**Directions**
Only the lines from the start of the data to the line containing "3505 Mckinley - Photo 13", both included, should be output, exactly and without pictures.

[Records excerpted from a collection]
****************************************

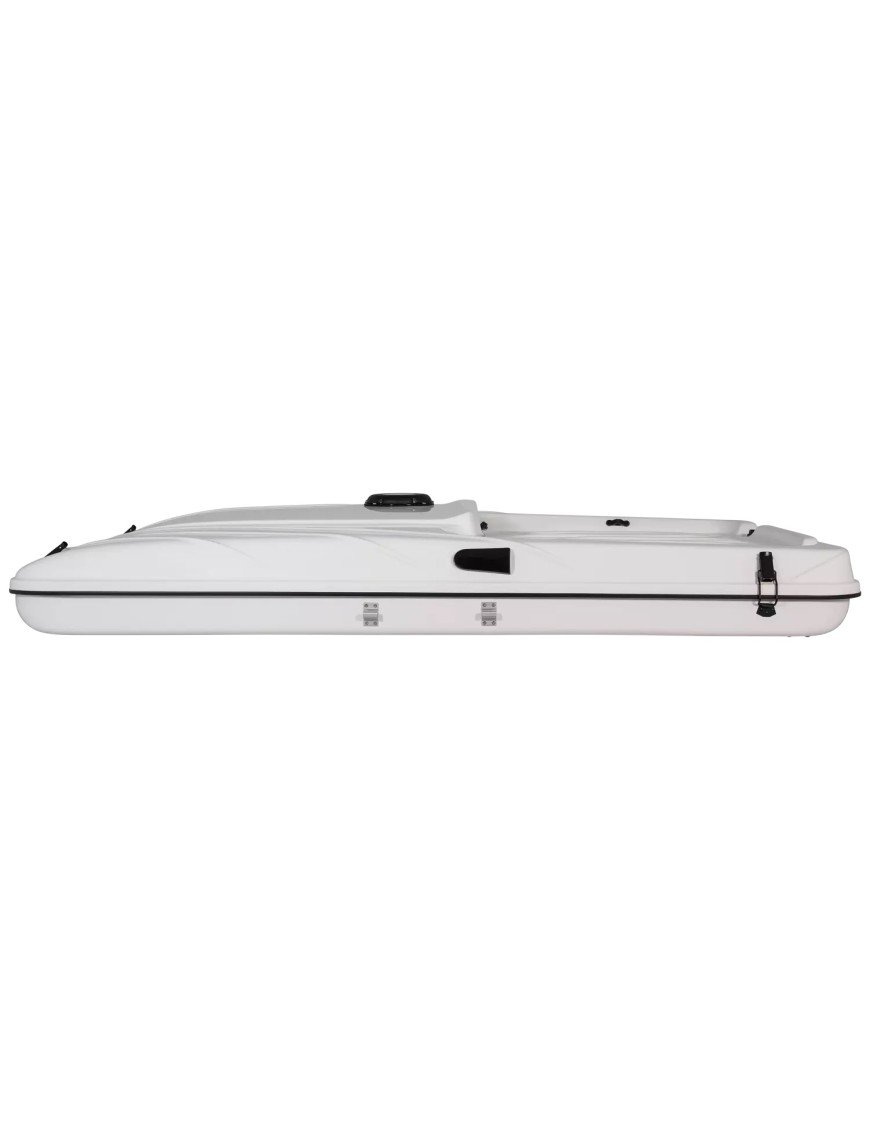 Наміт даховий James Baroud Grand Raid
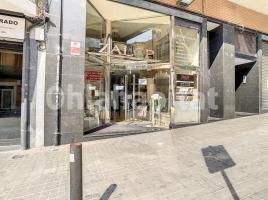 Lloguer altres, 209 m², prop de bus i tren, Calle de Vallparda, 64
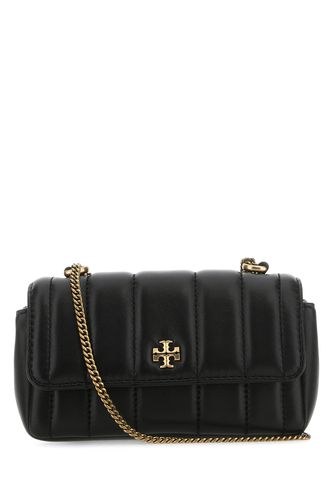 BORSA-TU Nd Tory Burch Female - Tory Burch - Modalova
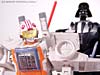 Star Wars Transformers Luke Skywalker (X-Wing Fighter) - Image #93 of 101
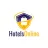 Hotels Online Gift Card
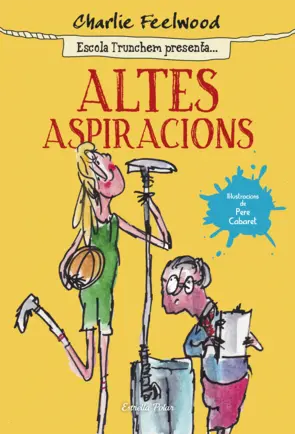 Portada Altes aspiracions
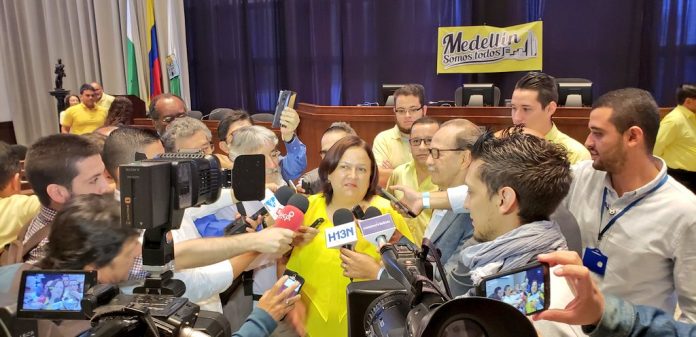 luz-maria-munera Luz María Múnera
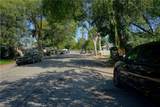 3505 Mckinley - Photo 13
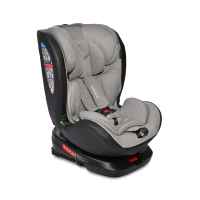 Столче за кола Lorelli Nebula i-Size 360 ISOFIX, Grey-iKnT1.jpeg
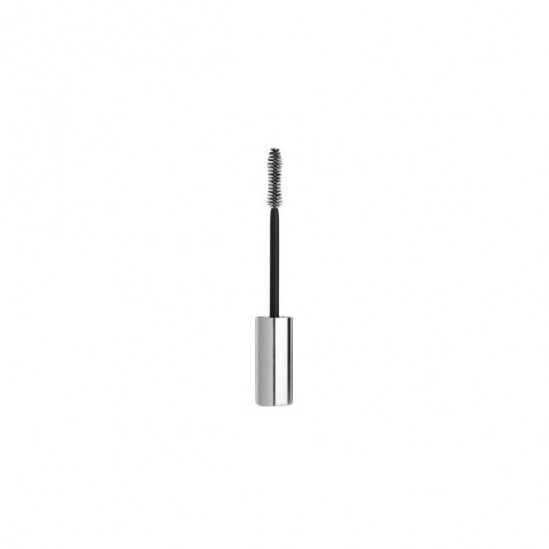 SISLEY PHYTO-MASCARA1ULTRA1STRECH 1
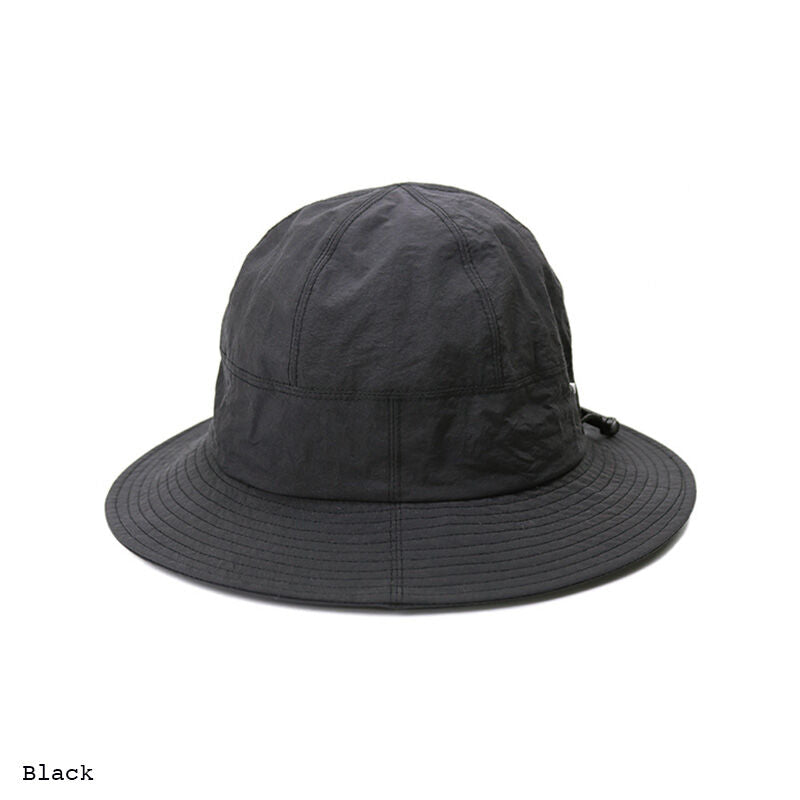 HALO COMMODITY h231-411 Salt Path Hat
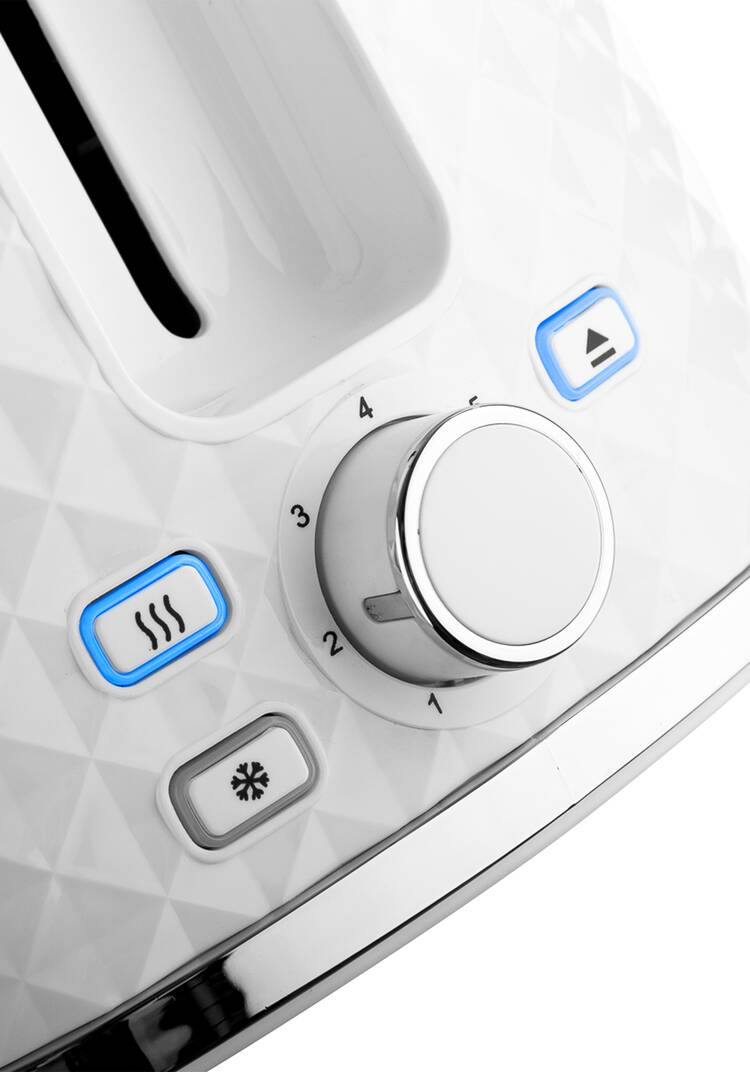 Тостер шир.  750, рис. 14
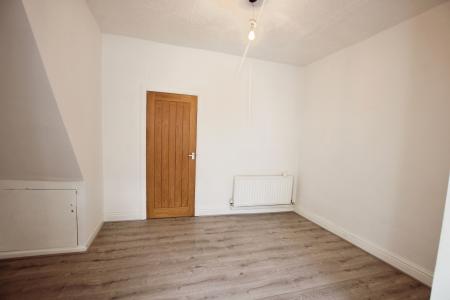 3 bedroom Terraced House to let in Nutgrove Road, Nutgrove, St Helens, WA9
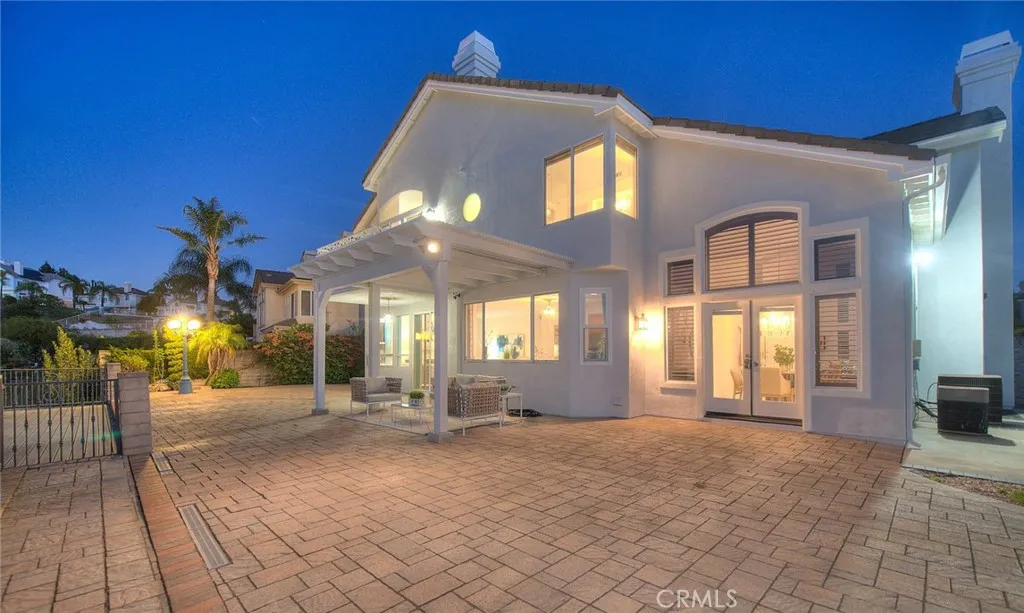 Additional image 62 of 19759 Alpine Crest Rd, Walnut, CA 91789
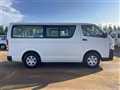 2014 Toyota Hiace Van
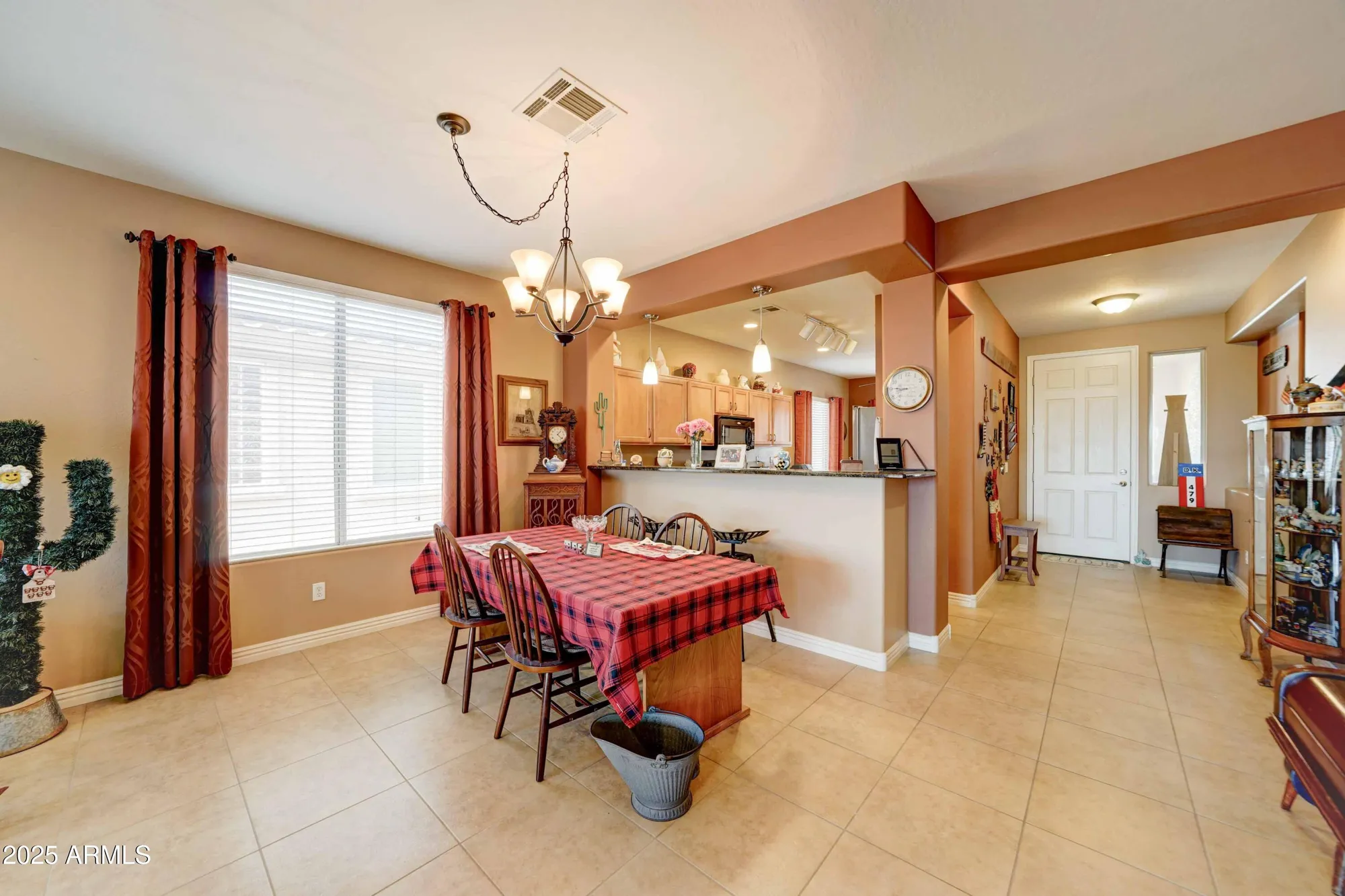 Property Slideshow image 8 of 30 | 479 s 227th ct, Buckeye, AZ, 85326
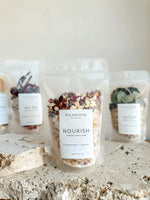 Bath Soak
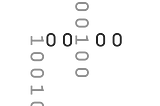 Global Sequencer Concepts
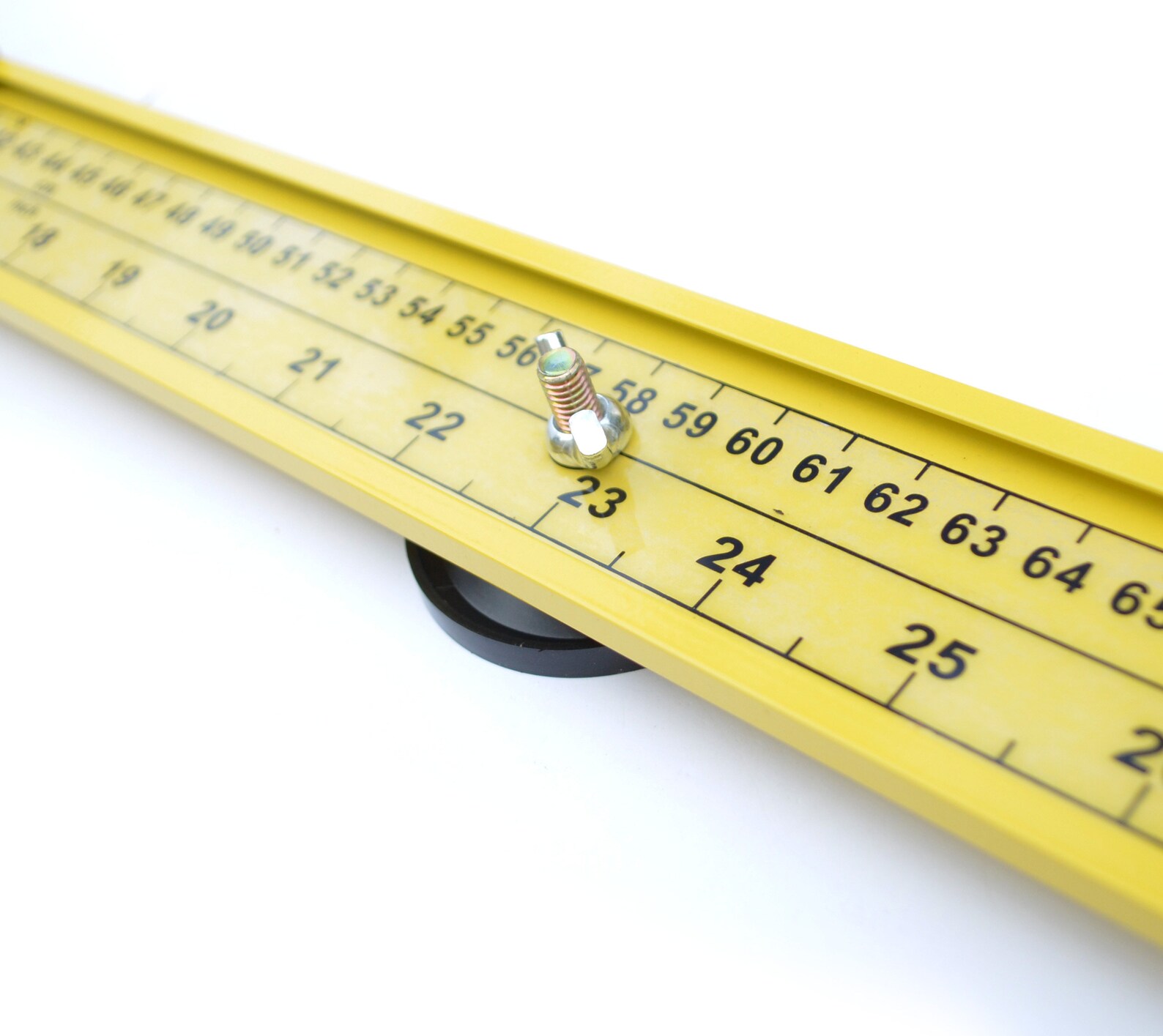 31 Adjustable Paracord Jig Lightweight Aluminum for Etsy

****************************************

**Completed exercise**
 Наміт даховий James Baroud Grand Raid
 Lloguer altres, 209 m², prop de bus i tren, Calle de Vallparda, 64
 BORSA-TU Nd Tory Burch Female - Tory Burch - Modalova
 Star Wars Transformers Luke Skywalker (X-Wing Fighter) - Image #93 of 101
 Hotels Online Gift Card
 Portada Altes aspiracions
 luz-maria-munera Luz María Múnera
 3505 Mckinley - Photo 13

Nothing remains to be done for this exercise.